On the dynamic side, given the well-documented challenges that LLMs face in processing numerical inputs, we have undertaken the development of a novel component within CityCompass, aptly named the ‘simulation entity to prompt converter’. This module serves as an intermediary, translating the intricate simulation entities into a format that aligns with the linguistic paradigm of LLMs, enabling seamless communication and integration.
Internally, CityCompass represents housing units with typed data structures composed by spatial and non-spatial attributes, such as street address, area or number of rooms. All that information can be translated to English text that can be understood by LLMs. However, there is an additional challenge: attributes like spatial location doesn’t add significant information to a model without all the associated data layers that predicate over that particular polygon on space. In concrete, what is important about a housing unit location is what is its accessibility, how close is to certain points of interest or spatial detractors. Then, we needed to augment the text-based description of the unit with all these additional layers.
In addition to characterising the supply side of housing units, we recognised the necessity of developing a dedicated component to produce LLM input about the diverse attributes and dynamics of individuals constituting households. This component describes parameters such as ages, occupations, and activities. Within the context of an Urbanly simulation, these intricate household profiles are derived from census data, which is further enriched and augmented by a sophisticated synthetic population generator.
One last simulation time data that must be shared with the LLM are current and future context factors, including the macro-economic model that is part of the simulation and planned development projects, especially in terms of future years, since expectations are a big driver for location decisions.
Having shared all the relevant information with the LLM, we focused on tailoring specific prompts to get the location decisions we needed. It is crucial to note that this process is not static in nature, as the component responsible for generating these decisions must be invoked each time a new housing unit becomes available within the simulation, whether due to relocation or the construction of additional housing stock.

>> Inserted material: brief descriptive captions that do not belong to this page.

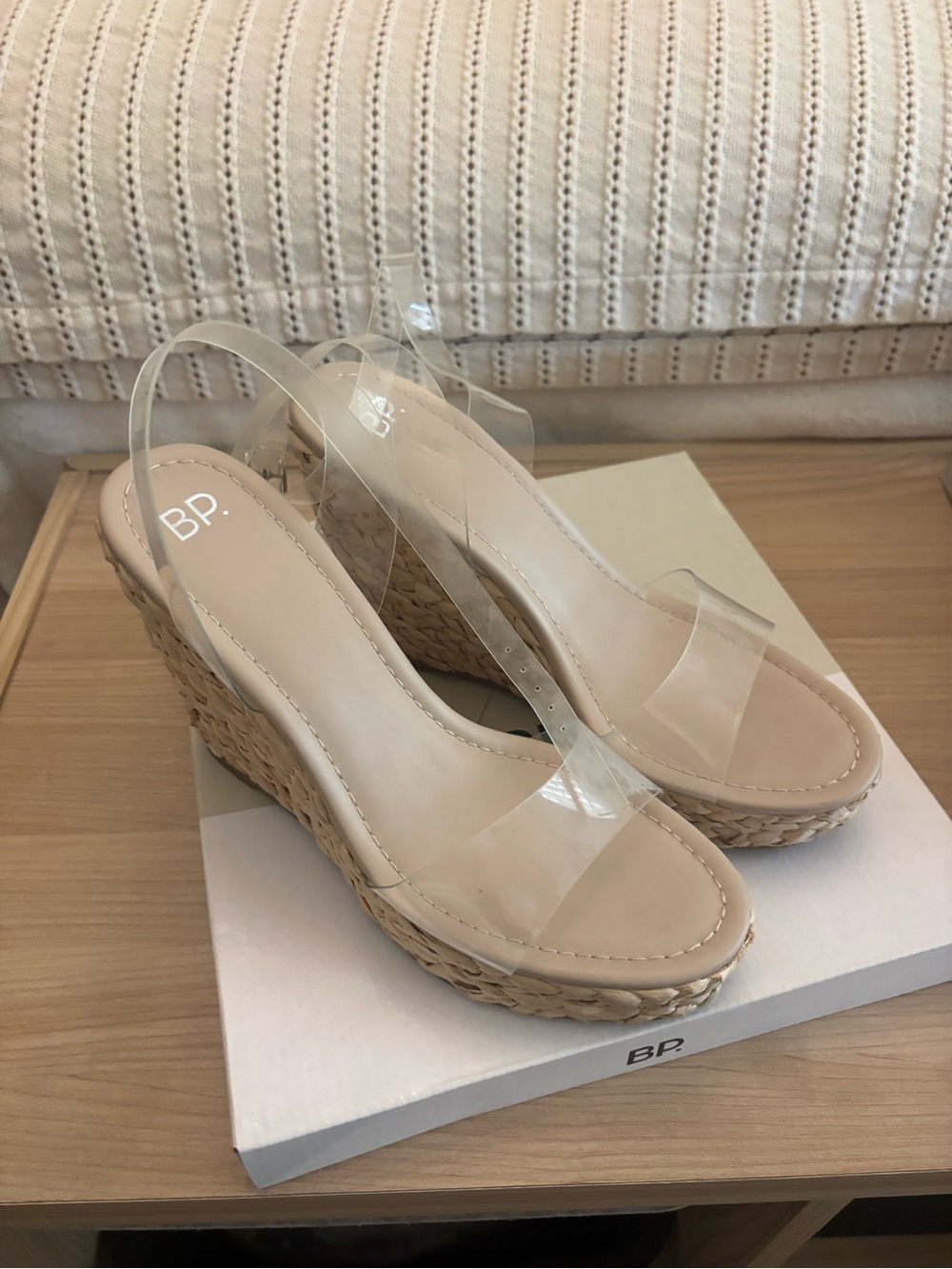 bp Clear Strap Wedge Sandals in Nude and Clear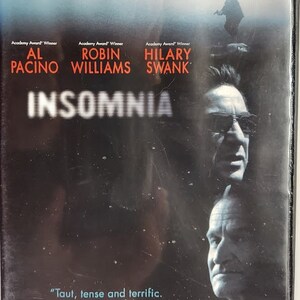 DVD 2002 Vintage Movie titled Insomnia starring Al Pacino & Robin Williams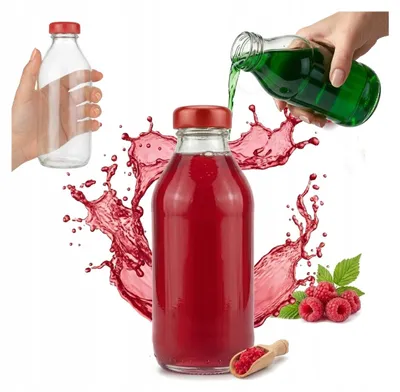Produktbild von Bimberek Glasflasche 330ml für Saft, Sirup, Vorrat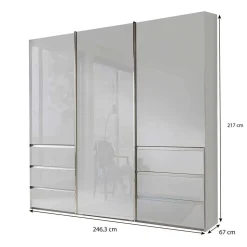Weißer Kleiderschrank mit Schwebetüren - Brasatura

As soon as we put all the pieces together, we began running simulations in study areas where we have been working in the past, and comparing results, focusing on occupancy rates and growth spatial patterns. We then experimented with different “domain knowledge scenarios”, what means considering the policy simulation as static, but varying the papers that we use to explain how location choices are taken to the LLM. This allowed us to create scenarios that favour a particular policy vision of an author, to understand how that could affect our forecasts.
Conclusion and future directions
This work has demonstrated an innovative approach to integrating generative AI, specifically LLMs, into urban simulation and modelling. By leveraging the capabilities of LLMs while carefully addressing their limitations, we have developed a novel methodology for simulating household location choice decisions within the CityCompass platform.
Furthermore, this work has highlighted the importance of incorporating diverse sources of knowledge, both dynamic simulation data and static domain knowledge from literature and real-world observations. By carefully curating and presenting this information to the LLM, we can generate diverse location decisions. Looking ahead, this work paves the way for further integration of generative AI techniques into urban simulation and modelling, opening up new avenues for exploration and innovation. As the field of generative AI continues to evolve, the proposed methodology can be adapted and refined to leverage the latest advancements, further enhancing the accuracy and robustness of urban simulations, ultimately contributing to more informed and data-driven policymaking and urban development strategies.